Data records
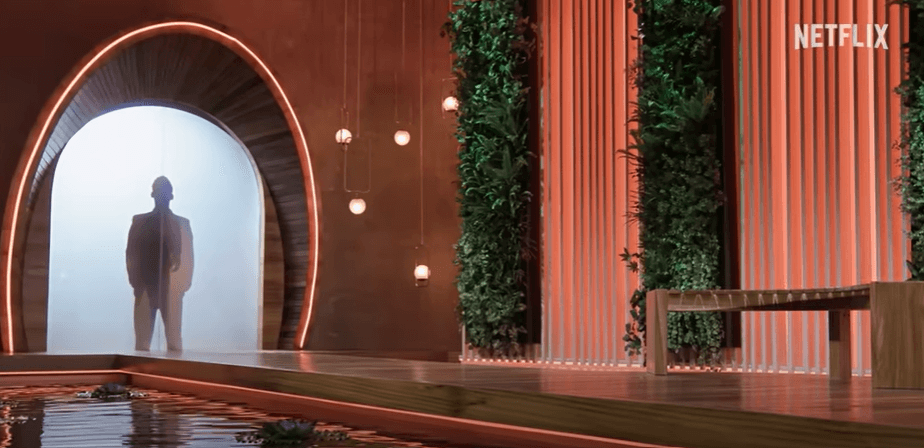 'Love is Blind México'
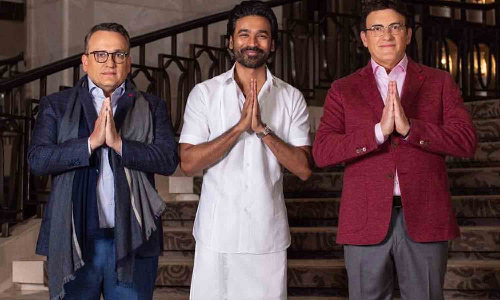 தி கிரே மேன் படத்தின் இரண்டாம் பாகம்.. புதிய அறிவிப்பை வெளியிட்ட இயக்குனர்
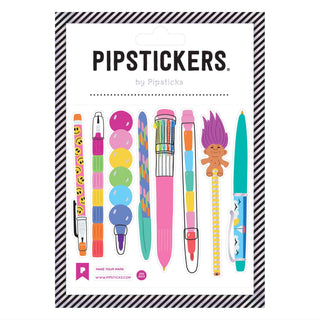 Pipsticks - Make Your Mark Stickers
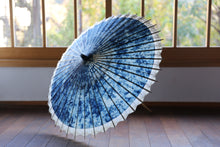 画像をギャラリービューアに読み込む, 日傘【網代軒奴 ギャラクシー×白】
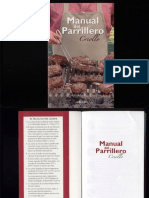Manual Del Parrillero Criollo - LitArt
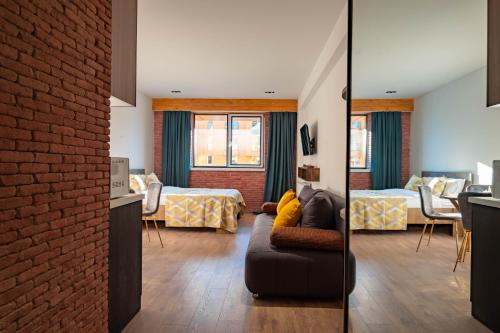 Imagen de la habitación del Hotel Four Seasons - New Gudauri. Foto 7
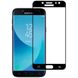 Защитное стекло для Samsung Galaxy J7 2017 (J730) Tempered Glass 3D Черный в магазине belker.com.ua
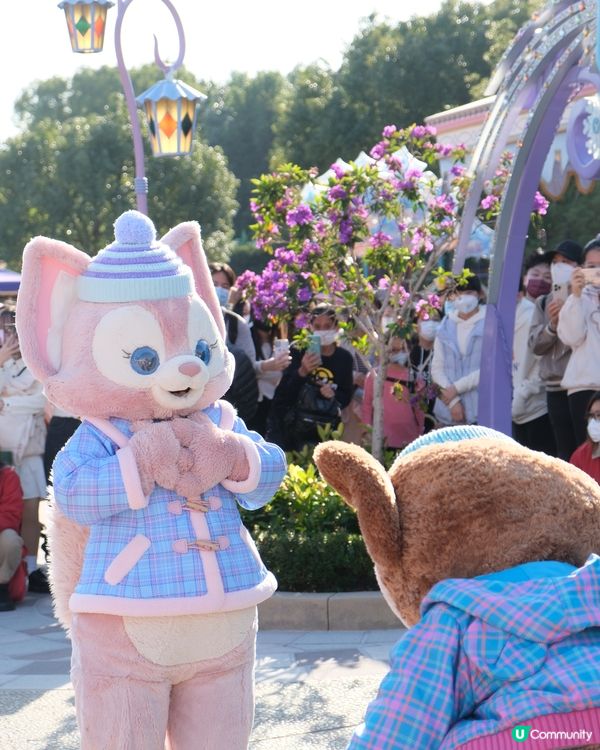 🧚🏻‍♂️ Linabell 出巡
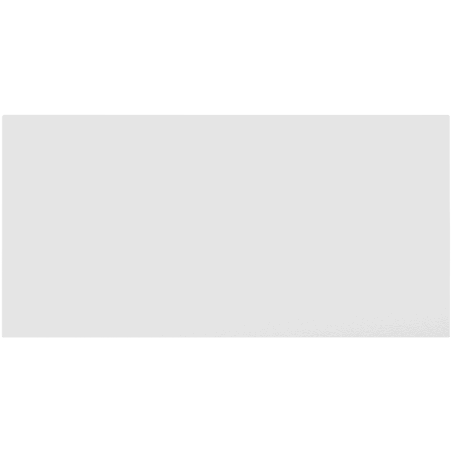 Mexen Flat dekorativní panel na deskový radiátor 500 x 1800 mm, bílý - WF-050-180-00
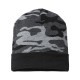 CAP AMERICA - USA-Made Camo Cuffed Beanie - RKC12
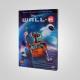 Newest WALL·E disney dvd movie children carton dvd with slipcover case dhl free shipping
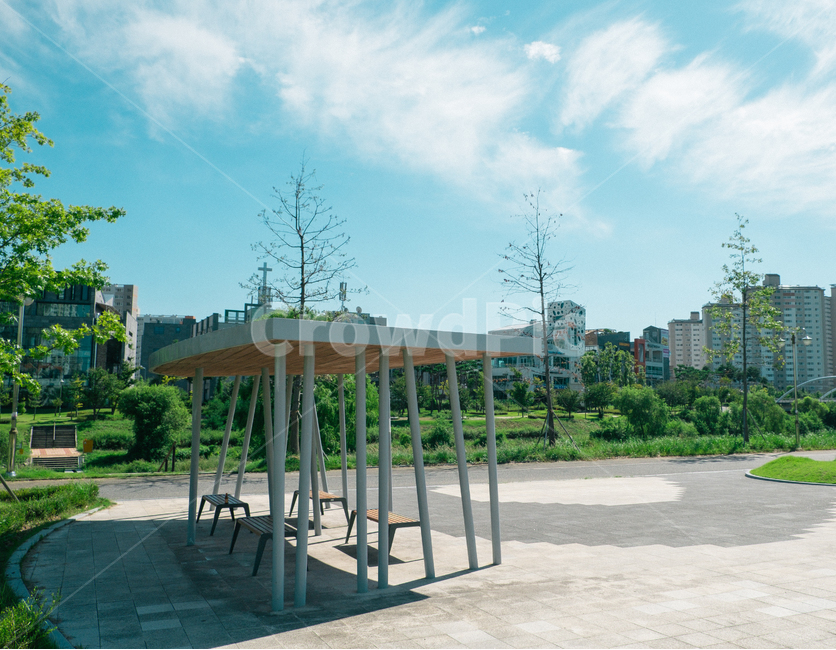 쉼터,가을하늘,하늘,필름사진,감성사진,도시,풍경,city,landscape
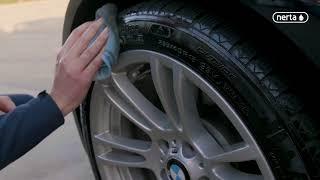 NERTA TYRE & BUMPER GLOSS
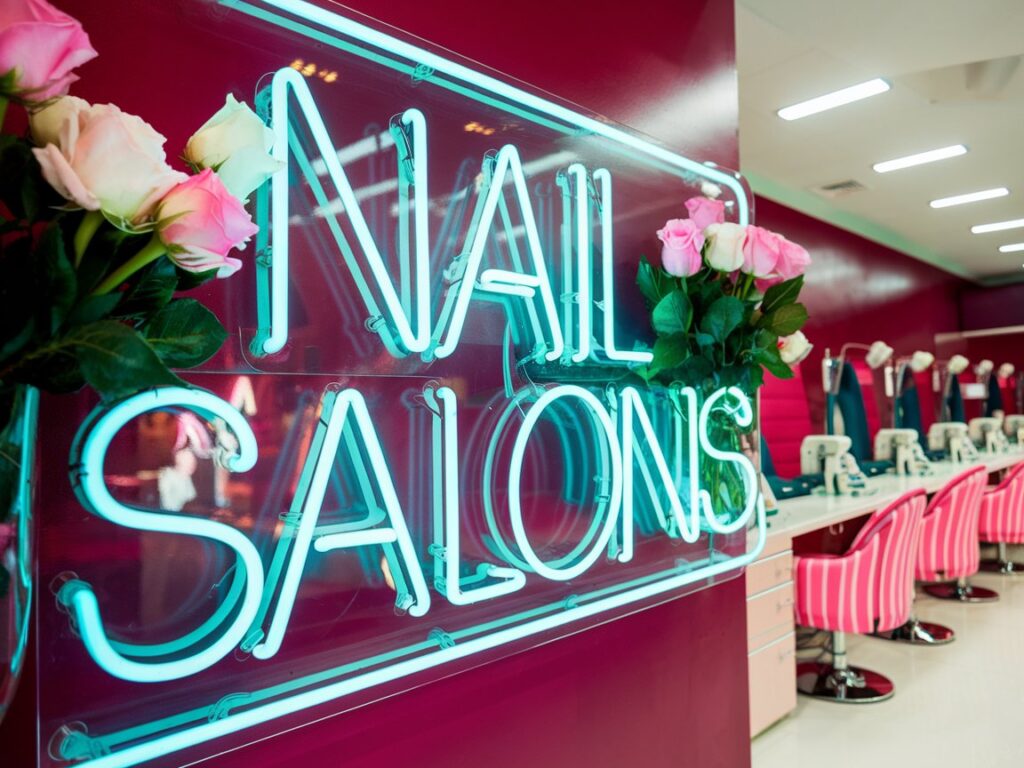 POS Systems for Nail Salons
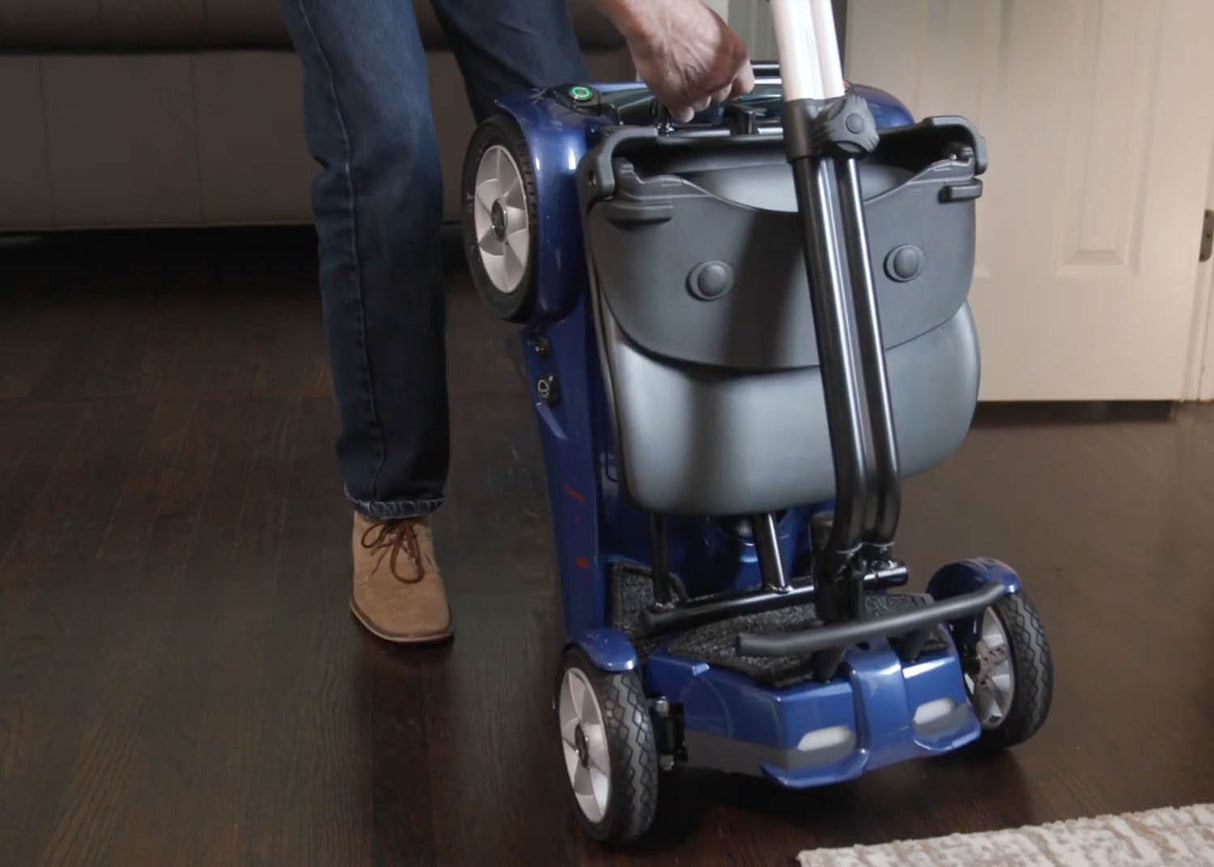 EV Rider TranSport AF4W Mobility Scooter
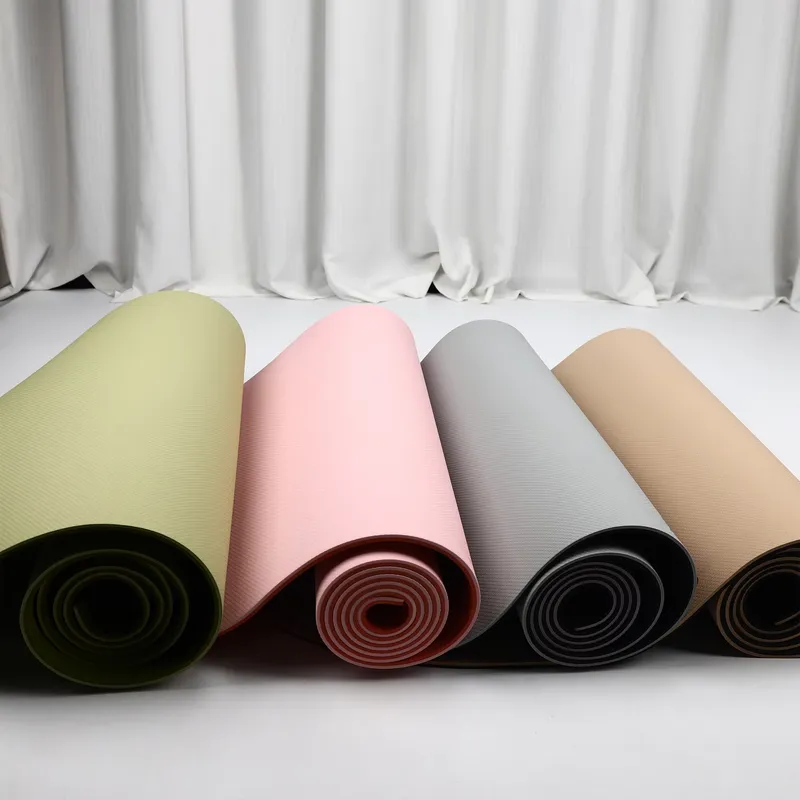 コンフォートファクトリー カスタムヨガエクササイズ 耐久性の - Yoga Of Fitness Mat のレビューと価格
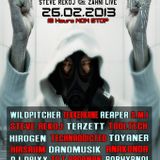Danomusik @ Cuebase.fm - 26.02.2013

Requirement: Exactly reproduce the lines above, starting at the one that contains "Imagen de la" and ending at the one that contains "CAP AMERICA - USA-Made", both inclusive; leave the pictures out and add no other lines.

Output below:
 Imagen de la habitación del Hotel Four Seasons - New Gudauri. Foto 7
 Защитное стекло для Samsung Galaxy J7 2017 (J730) Tempered Glass 3D Черный в магазине belker.com.ua
 🧚🏻‍♂️ Linabell 出巡
 Mexen Flat dekorativní panel na deskový radiátor 500 x 1800 mm, bílý - WF-050-180-00
 CAP AMERICA - USA-Made Camo Cuffed Beanie - RKC12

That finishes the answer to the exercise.